La Chute de la Maison Usher de Jean Epstein : de brume et d’eau

Usher

La Chute de la Maison Usher (1928) de Jean Epstein est un de ces films-lisières de la fin du muet à cheval entre le monde des morts et le monde des vivants dont Vampyr (1932) de Dreyer fut l’aboutissement : un film d’eau et de brume. Les surimpressions, les ralentis, les longues perspectives, y ouvrent une brèche entre ces deux mondes, tout en affirmant leur existence distincte selon une vision empreinte de dualisme. C’est l’un des chefs-d’œuvre du cinéma muet et du cinéma fantastique de manière générale.

Le film débute comme la nouvelle de Poe dont il porte le titre : un ami de Roderick Usher, répondant à son invitation pressante, arrive dans son manoir où dépérit sa compagne Madeline (sa sœur dans la nouvelle).
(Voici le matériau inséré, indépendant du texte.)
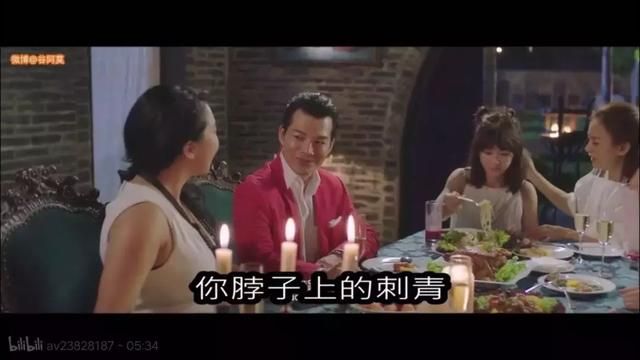 朴宰范在哪(朴宰范为什么叫社长)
Mais il s’avère bien vite qu’Epstein adapte en réalité une autre nouvelle de Poe, Le Portrait ovale, où un peintre faisant le portrait de sa femme lui ôte progressivement la vie, qui se trouve insufflée au tableau par quelque enchantement maléfique. Epstein nous le fait comprendre en deux plans successifs, le premier où Roderick appose son pinceau sur la joue de la femme du portrait, le second où Madeline se touche la joue au même endroit comme sous le coup d’une insupportable douleur. On regrette du reste qu’un carton vienne nous expliquer par la suite ce que les images avaient si admirablement dit.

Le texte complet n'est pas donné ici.